▶ [Problem description]: With the pictures omitted, set down exactly the lines from the one that contains "So you can see" through the last line of the data.

▶ [Source material]:
☆ ☆ ☆ ☆ ☆
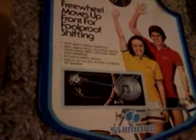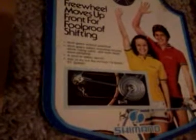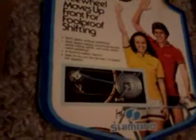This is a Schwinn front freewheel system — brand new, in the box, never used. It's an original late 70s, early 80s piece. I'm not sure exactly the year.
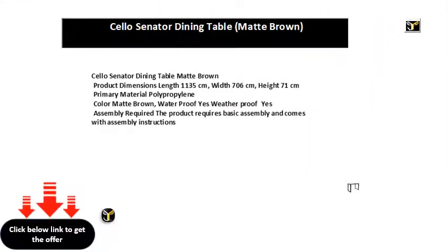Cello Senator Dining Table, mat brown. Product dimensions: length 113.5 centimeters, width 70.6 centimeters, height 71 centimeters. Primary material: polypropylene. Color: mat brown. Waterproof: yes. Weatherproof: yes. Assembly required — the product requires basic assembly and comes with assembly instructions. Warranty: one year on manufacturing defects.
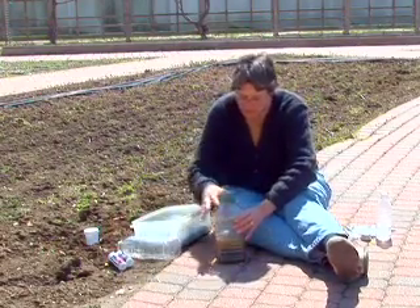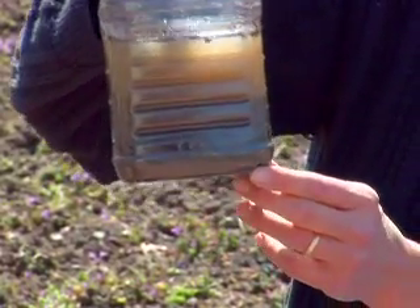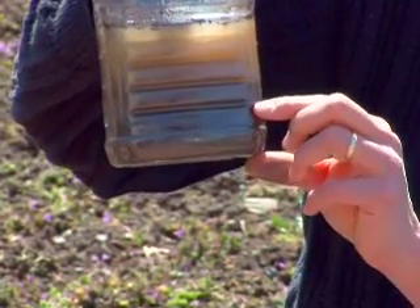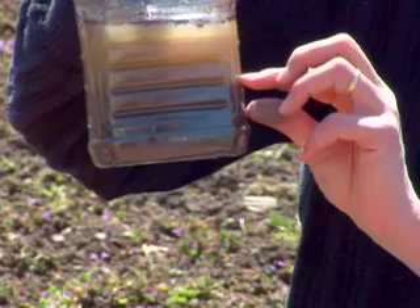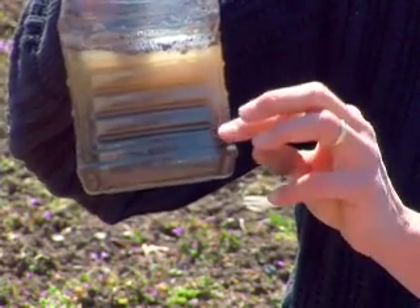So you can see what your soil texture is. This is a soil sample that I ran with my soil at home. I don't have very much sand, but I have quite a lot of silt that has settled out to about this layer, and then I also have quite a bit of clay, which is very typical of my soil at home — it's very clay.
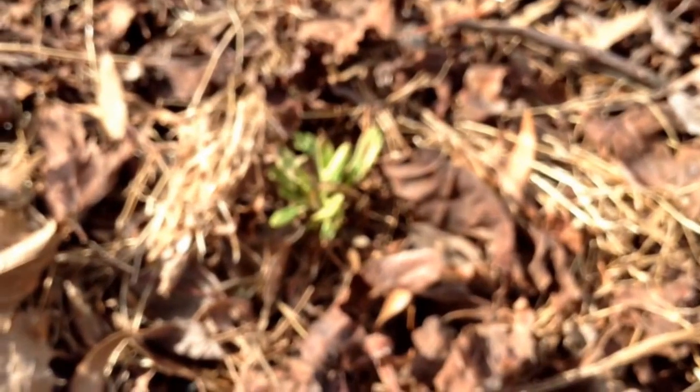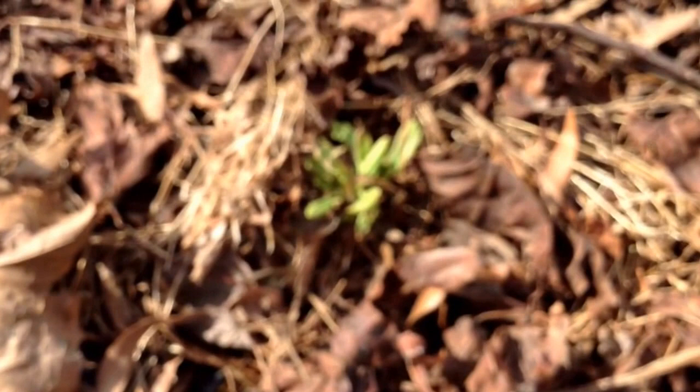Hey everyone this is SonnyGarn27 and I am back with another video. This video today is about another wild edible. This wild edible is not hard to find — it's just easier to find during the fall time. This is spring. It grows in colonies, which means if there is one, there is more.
☆ ☆ ☆ ☆ ☆
▶ [Result of this task]:
So you can see what your soil texture is. This is a soil sample that I ran with my soil at home. I don't have very much sand, but I have quite a lot of silt that has settled out to about this layer, and then I also have quite a bit of clay, which is very typical of my soil at home — it's very clay.
Hey everyone this is SonnyGarn27 and I am back with another video. This video today is about another wild edible. This wild edible is not hard to find — it's just easier to find during the fall time. This is spring. It grows in colonies, which means if there is one, there is more.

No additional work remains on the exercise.